Surface Structure and Orientation of PTFE Films Determined by Experimental and FEFF8-Calculated NEXAFS Spectra

Abstract

Near-edge X-ray absorption fine structure (NEXAFS) experiments have provided information about the orientation of adsorbed small molecules, self-assembled monolayers, and polymers. Long fluorocarbon chains are known to have a twisted (or helical) structure due to the steric interactions of the fluorine atoms. Carbon K-edge and fluorine K-edge NEXAFS spectra of poly(tetrafluoroethylene) (PTFE) have been calculated using FEFF8 to determine how changing the helical structure of the PTFE chains affects the NEXAFS spectra. Specific structural parameters varied in the calculations included unwinding the helix, changing bond angles, and theoretically stretching the PTFE chains. Changing these structural parameters resulted in changes in the calculated NEXAFS spectra. Experimental NEXAFS spectra were obtained at beamline U7A of the NSLS on highly oriented, rubbed PTFE samples. A large polarization dependence is observed at the fluorine K-edge for the C-F σ * peak and at the carbon K-edge for the C-F σ * peaks (at 292.3 and 299 eV) and the C-C σ * peak (at 295.7 eV), consistent with the fluorocarbon chains oriented parallel to the gold surface along the rubbing direction.
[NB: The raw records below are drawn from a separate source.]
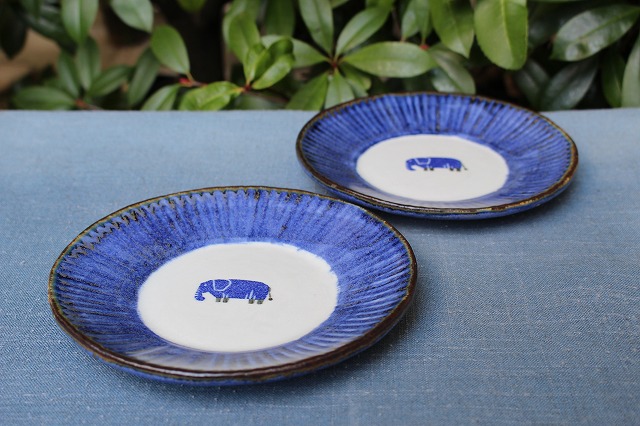 滋賀県信楽町で作陶されている信楽焼作家安見勇人さんの動物5寸皿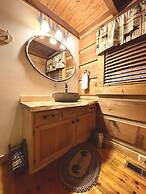 Leave the stress behind!- private hot tub, pet and motorcycle friendly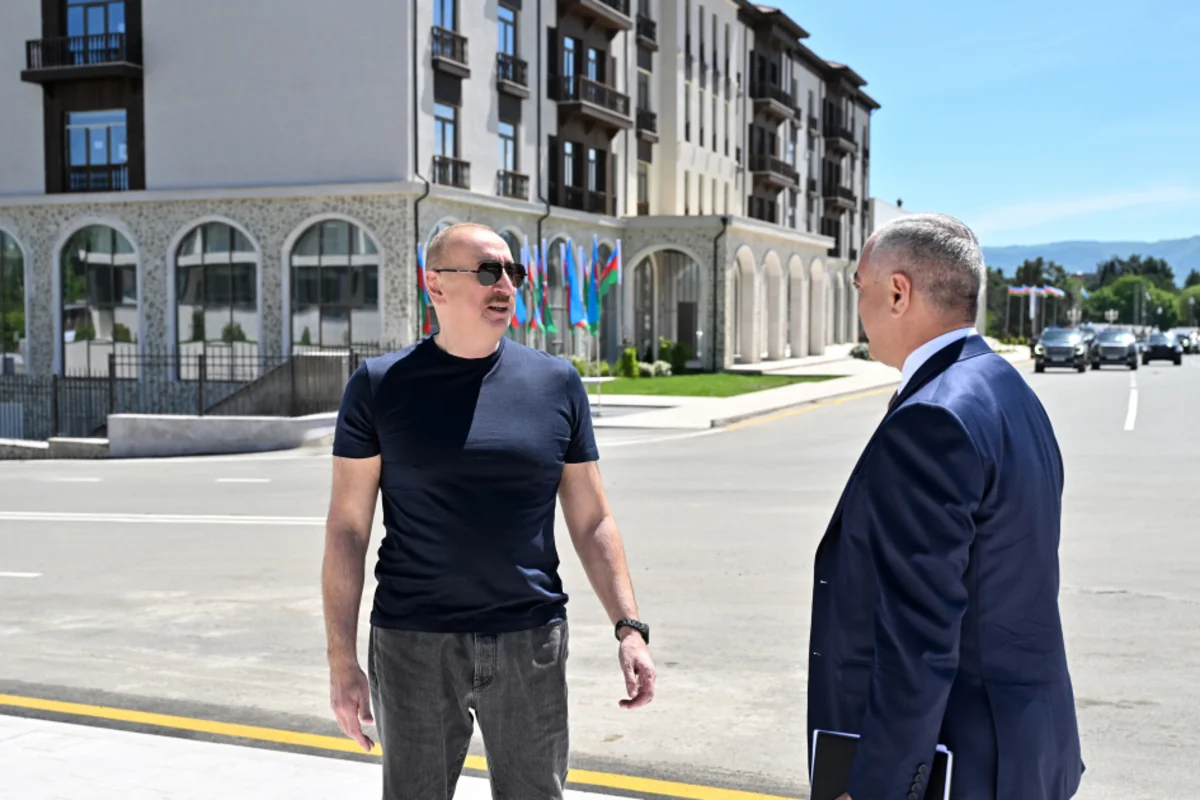 Prezident Xankəndidə əsaslı şəkildə yenidən qurulmuş Mədəniyyət Mərkəzinin açılışında - FOTO
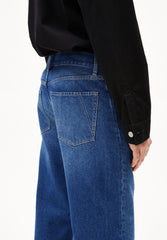 AARY STRAIGHT JEANS | bendoc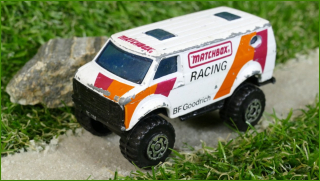Autíčko Matchbox 4x4 Chevy Van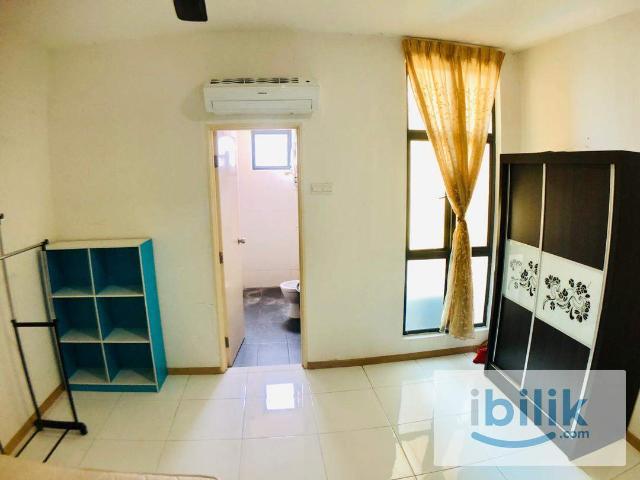Room for rent in Petaling, Alam Impian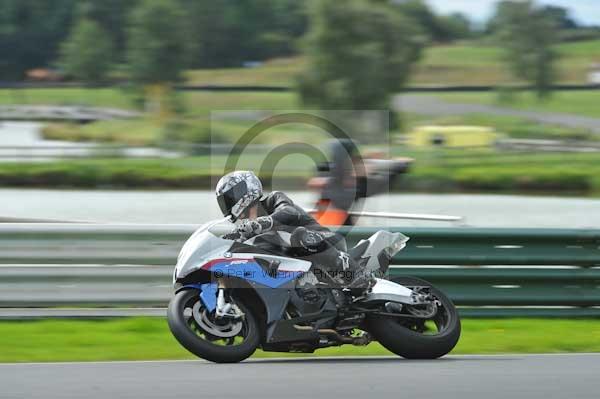 Mallory park Leicestershire;Mallory park photographs;Motorcycle action photographs;event digital images;eventdigitalimages;mallory park;no limits trackday;peter wileman photography;trackday;trackday digital images;trackday photos
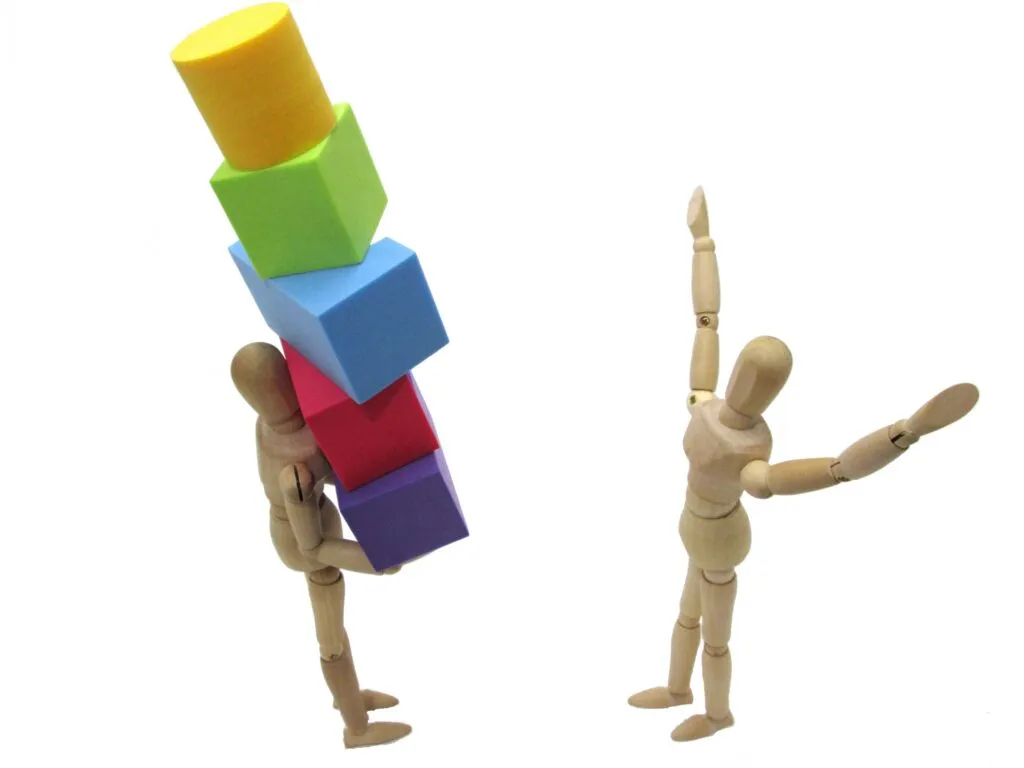 カバーは無理に外さないように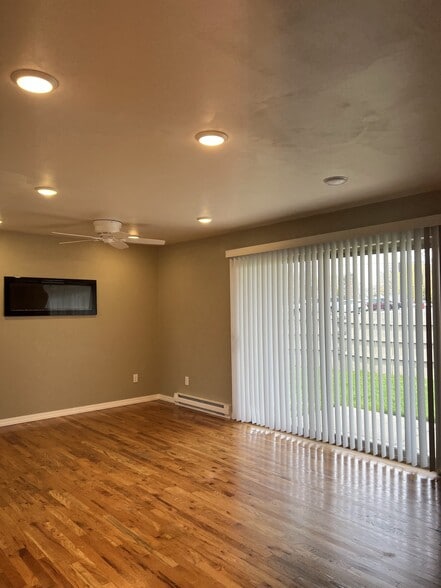 More Photos Of 1747 Oakdale Ave, Green Bay Apartments For Sale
FEFF8 NEXAFS spectra calculated with self-consistent spherical muffin-tin potentials, a full multiple-scattering formalism, the structural coordinates for bulk PTFE, and no adjustable physical parameters are in good agreement with the experimental NEXAFS spectra, showing the fluorocarbon chains in the rubbed PTFE films have a helical structure.